▶ _Problem requirements_
Transcribe the records below exactly, leaving out any pictures.

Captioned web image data
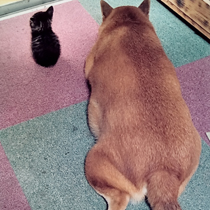 犬と猫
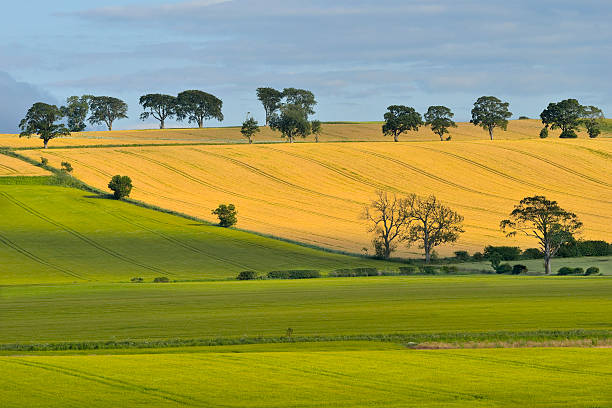 istock The young shoots of grain on the background 484525886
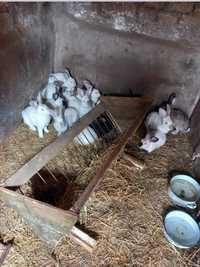 Зайци-домашна ферма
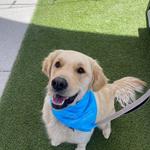 Dogtopia of Clarksville - photo 4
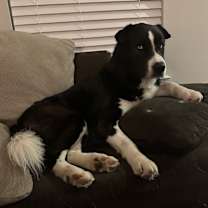 Thumbnail photo of Dash #2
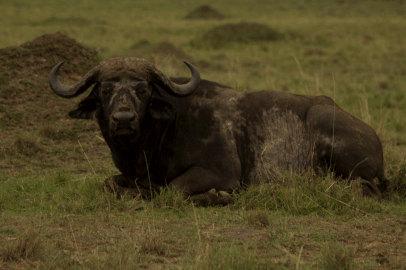 Screen Shot 2014-09-15 at 01.19.44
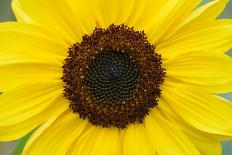 Sunflower, France-Fabrice Cahez-Photographic Print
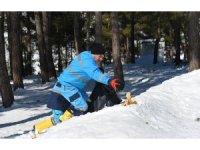 Kahramanmaraş’ta  sokak hayvanları unutulmadı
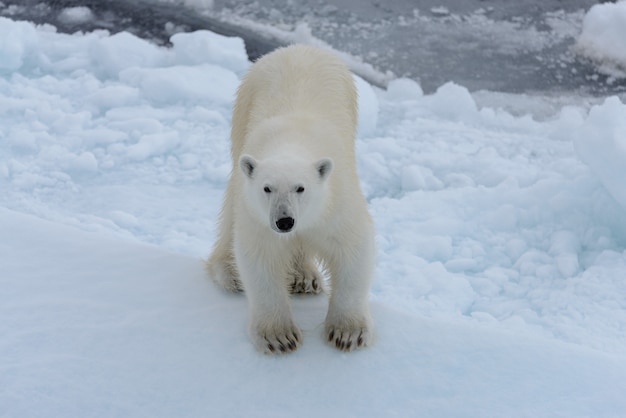 Wild polar bear on pack ice in Arctic sea looking into camera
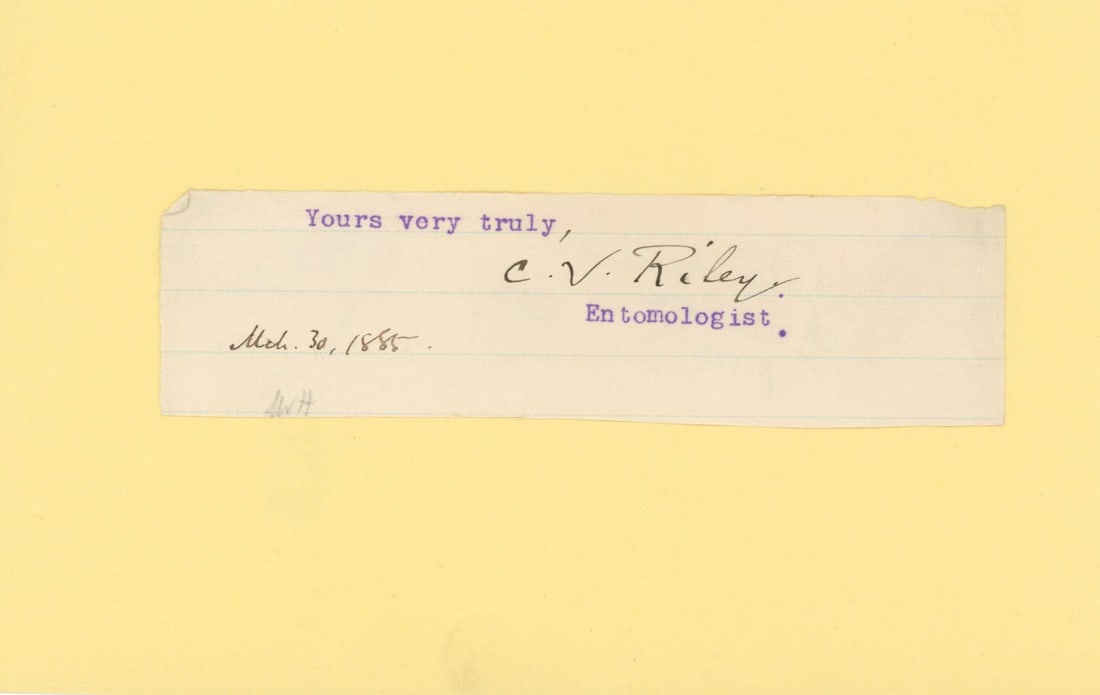 Charles V. Riley – American Entomologist – Clipped Signature (1885): Details: Charles V. Riley clipped autograph signature dated 1885, written in dark ink beneath the typed closing “Yours very truly.” The signature is affixed to a larger backing sheet.Fine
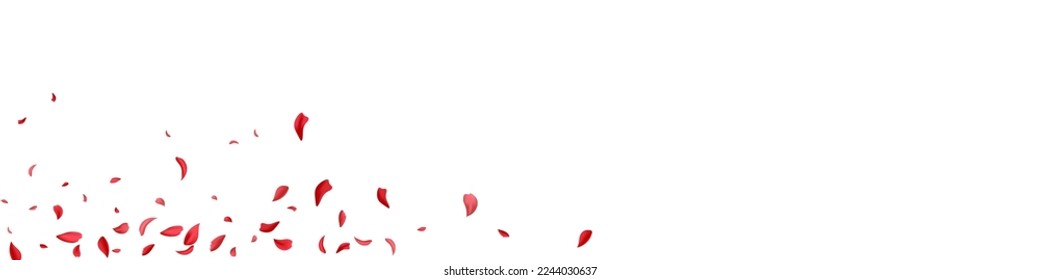 Hermoso Vector Petal Caer Fondo Panorámico Blanco. Summer Lotus Design. Fondo de escritorio japonés Sakura Rojo. Delicada Funda De Belleza De Peach.
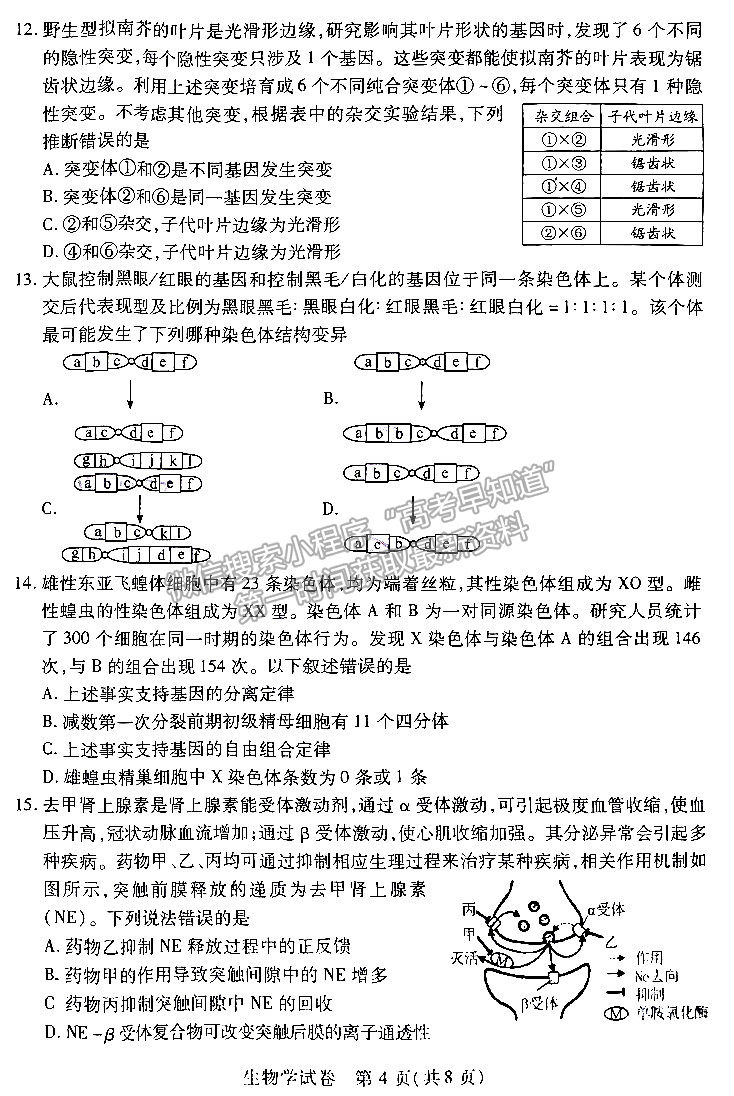 河南省2024屆高三起點(diǎn)考試生物試卷及參考答案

▶ _Output of the exercise_
 犬と猫
 istock The young shoots of grain on the background 484525886
 Зайци-домашна ферма
 Dogtopia of Clarksville - photo 4
 Thumbnail photo of Dash #2
 Screen Shot 2014-09-15 at 01.19.44
 Sunflower, France-Fabrice Cahez-Photographic Print
 Kahramanmaraş’ta  sokak hayvanları unutulmadı
 Wild polar bear on pack ice in Arctic sea looking into camera
 Charles V. Riley – American Entomologist – Clipped Signature (1885): Details: Charles V. Riley clipped autograph signature dated 1885, written in dark ink beneath the typed closing “Yours very truly.” The signature is affixed to a larger backing sheet.Fine
 Hermoso Vector Petal Caer Fondo Panorámico Blanco. Summer Lotus Design. Fondo de escritorio japonés Sakura Rojo. Delicada Funda De Belleza De Peach.
 河南省2024屆高三起點(diǎn)考試生物試卷及參考答案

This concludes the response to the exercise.